RSUDZA saat ini sudah melakukan operasi transplantasi untuk pasien yang ketiga. Semua proses operasi berjalan dengan baik. “Namun untuk kasus pertama pasiennya meninggal setelah enam bulan dioperasi. Namun, penyebabnya, karena infeksi berat di paru. Satu lagi, alhamdulillah tidak ada masalah, sudah setahun ditransplantasi, sejak Mei 2017, alhamdulillah sehat,” kata anggota Tim Transplantasi Ginjal RSUDZA ini. Sedangkan pasien ketiga juga berhasil dicangkok ginjal atas nama Muharuddin, Senin (9/7/2018). Dia menerima donor ginjal dari adik kandungnya, Sri Muliana.
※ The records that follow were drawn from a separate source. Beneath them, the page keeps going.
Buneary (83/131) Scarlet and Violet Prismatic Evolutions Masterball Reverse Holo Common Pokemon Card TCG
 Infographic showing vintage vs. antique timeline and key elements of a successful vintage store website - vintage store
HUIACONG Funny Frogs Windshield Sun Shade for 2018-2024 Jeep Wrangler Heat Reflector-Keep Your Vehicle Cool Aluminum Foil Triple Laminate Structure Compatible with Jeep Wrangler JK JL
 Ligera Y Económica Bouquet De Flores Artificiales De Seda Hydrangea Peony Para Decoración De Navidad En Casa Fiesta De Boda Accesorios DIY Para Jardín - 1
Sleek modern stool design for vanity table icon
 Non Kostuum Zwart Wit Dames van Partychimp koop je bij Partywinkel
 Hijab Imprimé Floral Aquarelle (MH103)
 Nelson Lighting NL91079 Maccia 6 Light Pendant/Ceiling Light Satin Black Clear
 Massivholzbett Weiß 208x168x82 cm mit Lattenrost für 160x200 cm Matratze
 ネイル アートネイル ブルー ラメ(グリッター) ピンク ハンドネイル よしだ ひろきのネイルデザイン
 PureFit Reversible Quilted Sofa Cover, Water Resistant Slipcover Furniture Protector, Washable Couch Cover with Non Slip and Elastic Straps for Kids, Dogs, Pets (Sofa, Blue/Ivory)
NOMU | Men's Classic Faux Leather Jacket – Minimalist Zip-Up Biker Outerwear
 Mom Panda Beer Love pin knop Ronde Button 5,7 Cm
Masalah transplantasi di Indonesia, tentu termasuk di Aceh, terkait erat dengan ketersediaan donor ginjal. “Banyak orang yang takut menyumbang ginjal, padahal orang yang hidup dengan satu ginjal banyak. Jadi, saat ini banyak orang sehat takut mendonorkan ginjal.” Ridwan berharap masyarakat Aceh bisa menerapkan pola hidup sehat. Dengan hidup sehat bisa mencegah berbagai komplikasi akibat diabetas dan hipertensi. (*)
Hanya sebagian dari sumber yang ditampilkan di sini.